In effetti si tratta di una pratica preislamica e precristiana. Il grande storico greco Erodoto (v secolo a.C.) racconta come fosse compiuta da fenici, ittiti, egizi ed etiopi. Anche ad Atene e Roma la si praticava: si chiudeva la vagina con una spilla (fibula) alle mogli dei soldati che partivano per la guerra, raccontano Strabone (I secolo a.C.) e Sorano di Efeso (I-II secolo d.C.).

C'è chi sostiene che persino Cleopatra fosse stata infibulata; del resto, una delle forme più devastanti di mutilazione si chiama 'faraonica' e risale evidentemente ai tempi dei faraoni. Non a caso, uno dei paesi più colpiti da questa piaga è proprio l'Egitto, dove la pratica continua a esistere anche dopo la messa al bando del 2008 in seguito alla reazione provocata dalla morte di una bambina di dodici anni sotto i ferri della mammana, avvenuta ad al-Minya il 14 giugno del 2007. Da allora il 14 giugno è stato proclamato Giornata contro le Mutilazioni genitali.
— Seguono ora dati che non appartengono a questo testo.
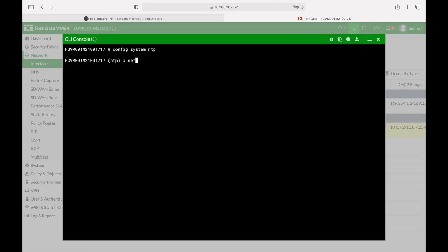Let's set the type to custom since we are not using FortiGate servers. We will use another NTP server, an Asian NTP server.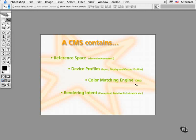For example, to successfully print this lime green color that you see on screen to an offset press, the CME that you choose would process the color a certain way. There's a handful of color engines to choose from, but the good news is that the differences between them are slight in most cases.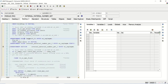So in this way, we can find out the implicit enhancement and the explicit enhancement point and enhancement section. Based on our requirement, we have to do the required implementation. From the next session, we will do some live demo on these enhancement options. Thank you.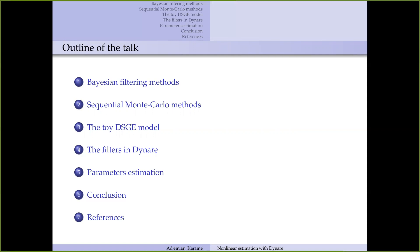The second part will be devoted to Sequential Monte Carlo methods, where I will present the probabilistic approach and the tools that underpin the sequential Monte Carlo method and particle filtering.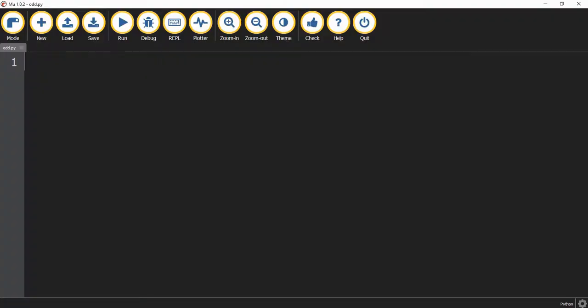Welcome back to another Python tutorial. In today's video we're going to be creating a program that will test a number to see whether it's odd or even.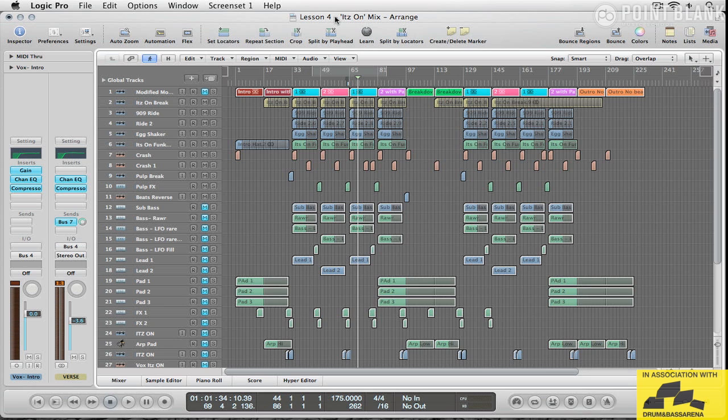I'm now going to have a look at the mix of It's On. I'm going to get a DJ mix together, something that you could play out. And I'm going to start, as ever, with the drums.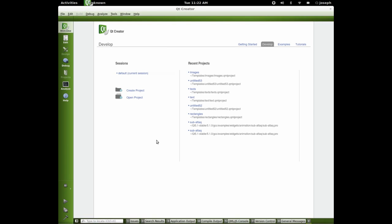Hey everybody, this is Joseph and welcome to your 11th or 12th QML tutorial. In this tutorial we are going to discuss images. So let's get started here.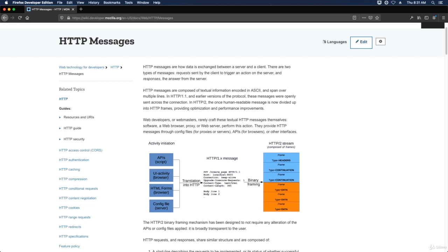HTTP messages are composed of textual information encoded in ASCII and span over multiple lines. In HTTP 1.1 and earlier versions of the protocol, these messages were openly sent across the connection.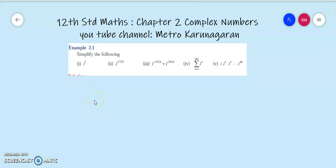Dear Tool Standard Students, I am Etro Karanagaran. In Chapter Number 2, Complex Numbers, Example 2.1, First Subdivision. In the first subdivision, they are asking us to solve i to the power 7.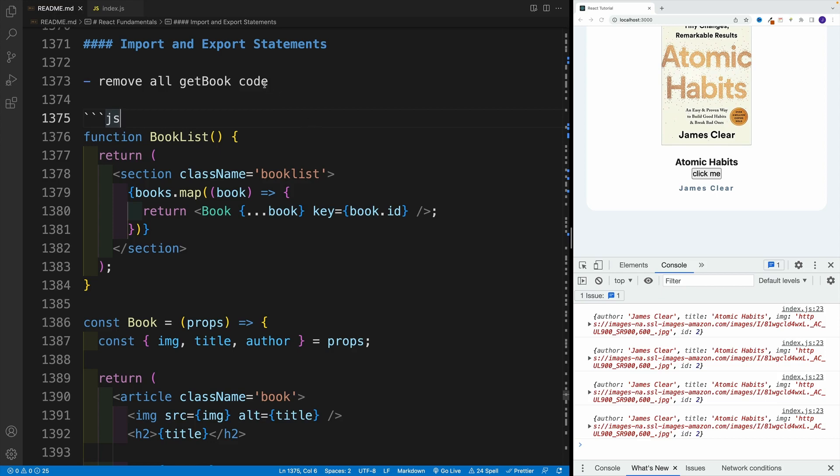All right, and up next, let's talk about ES6 modules, or a way for us to split up our application into multiple files and folders.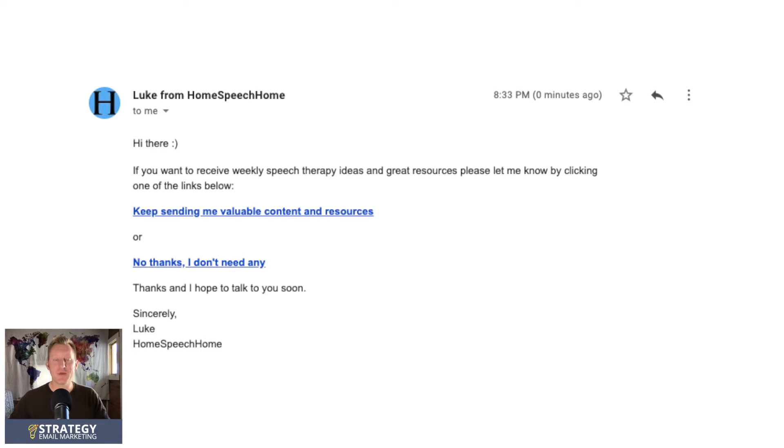The fourth way to use link triggers is to tag subscribers who want to continue getting emails from you, or cold subscribers who don't. I have an email set up where I send this to people who haven't interacted with my emails for 90 days or more, asking 'do you still want to get emails from me?' Even though I have an unsubscribe link at the bottom of every email, when people don't engage they may not be getting my emails — they may be going to spam or junk.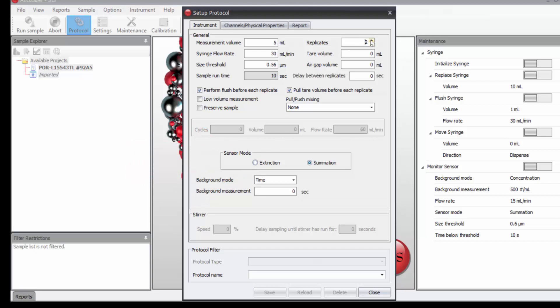The official protocol requires running four measurements. We discard the first and then do the average of the second through the fourth. We'll make a tier volume of 0.5 mL. We don't need an air gap or a delay.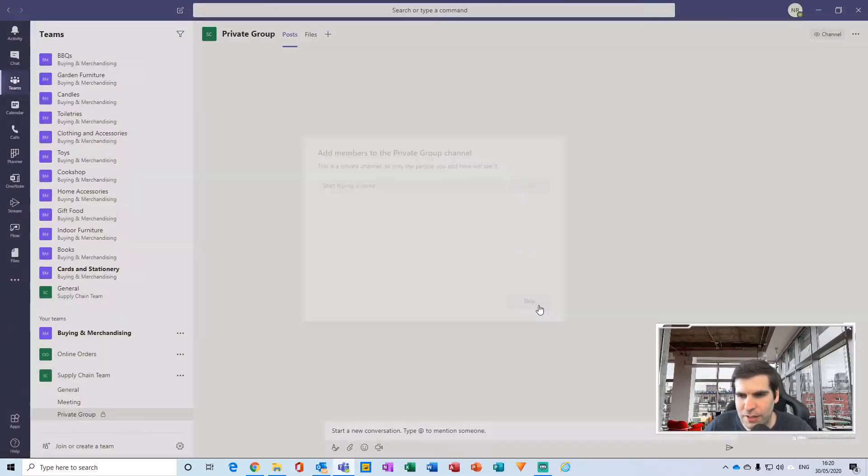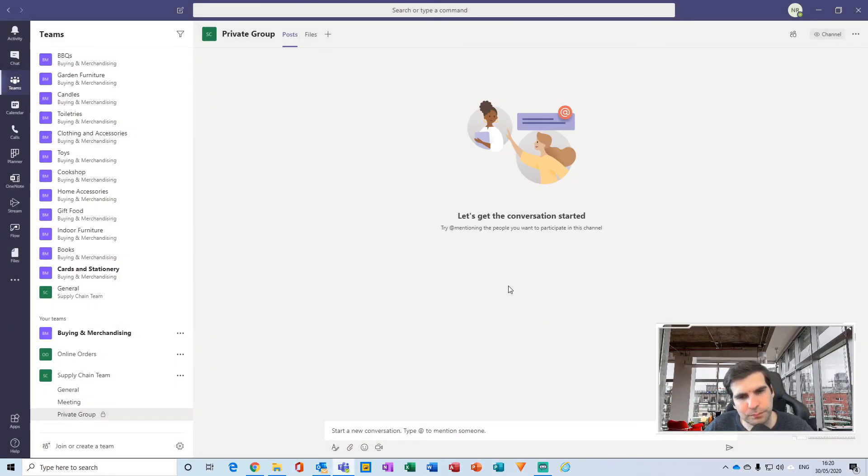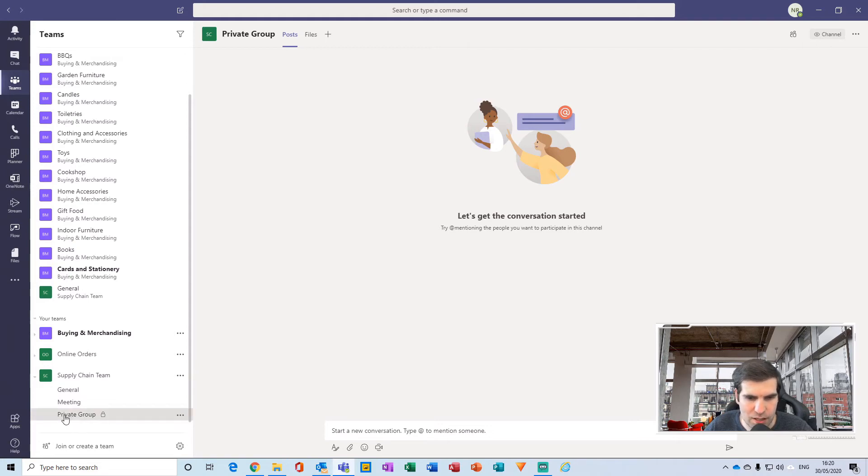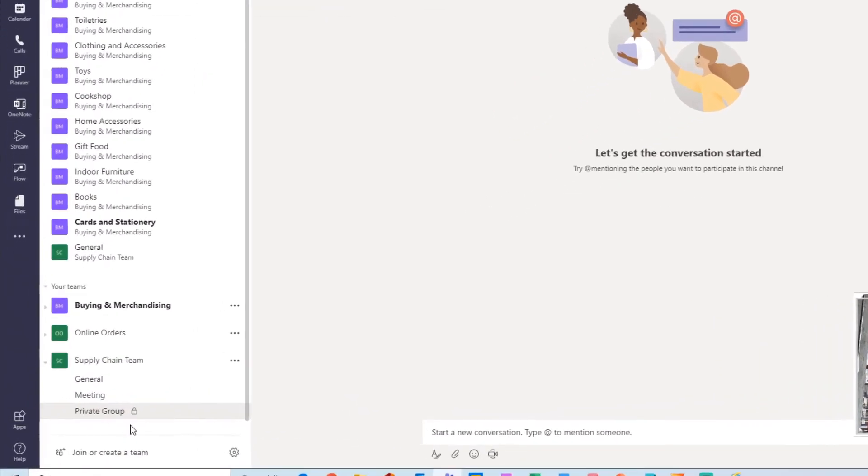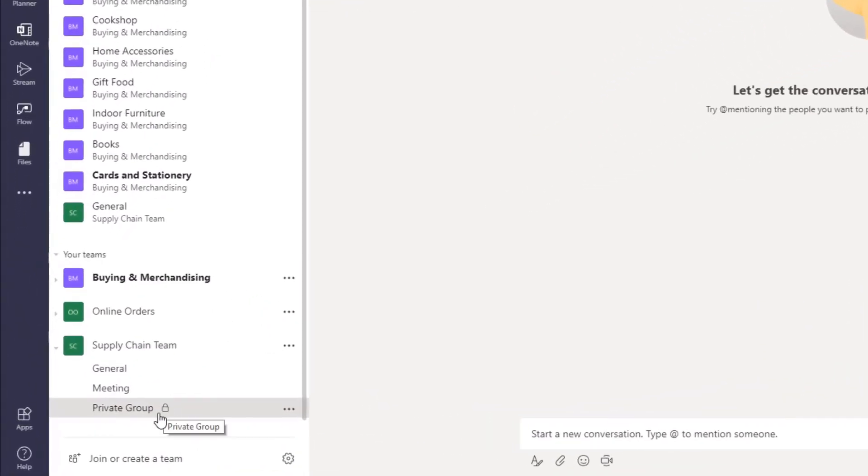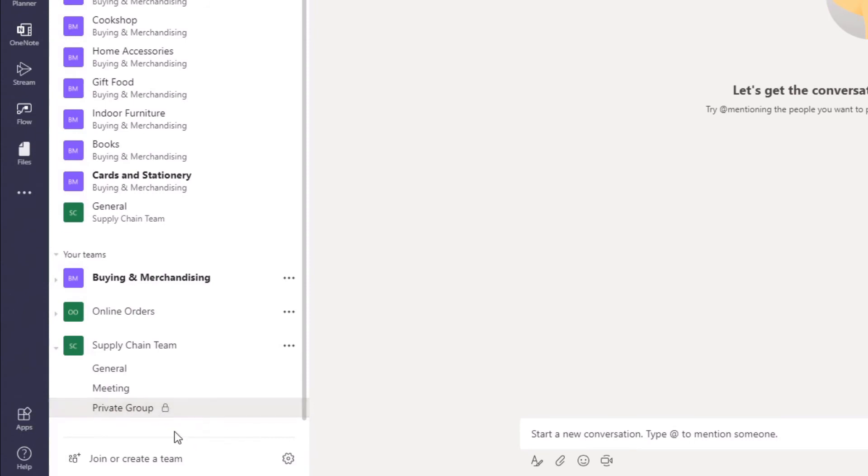We can see over here on the left-hand side the Private Group that was just created, and you can see that it's private because it has a little padlock on it. Now if for any reason you've forgotten to add someone to the group or you need to add someone after it's been created.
La campagna contro le mutilazioni ha rischiato uno stop con l'arrivo al potere dei Fratelli musulmani (2012), che volevano depenalizzare le Mgf - e probabilmente l'avrebbero fatto, se non fosse stato sciolto il parlamento -; anzi, i salafiti ne volevano la legalizzazione. Nel gennaio del 2015 per la prima volta è stata emessa una sentenza di condanna contro un medico che aveva provocato la morte di una ragazza di tredici anni, Soheir al-Bataa, nel giugno del 2013: il medico è stato condannato a due anni di reclusione e a un'ammenda di 500 lire egiziane (55 euro); anche il padre è stato condannato a tre mesi di reclusione, ma se l'è cavata con la condizionale.

Il cristianesimo considera le mutilazioni un peccato contro la santità del corpo, e quindi le proibisce. Ma, come nell'islam, essendo l'infibulazione legata a culture precedenti la cristianizzazione, tale pratica si è conservata, soprattutto tra i copti (ortodossi e cattolici) d'Egitto e del Corno d'Africa, in Eritrea ed Etiopia.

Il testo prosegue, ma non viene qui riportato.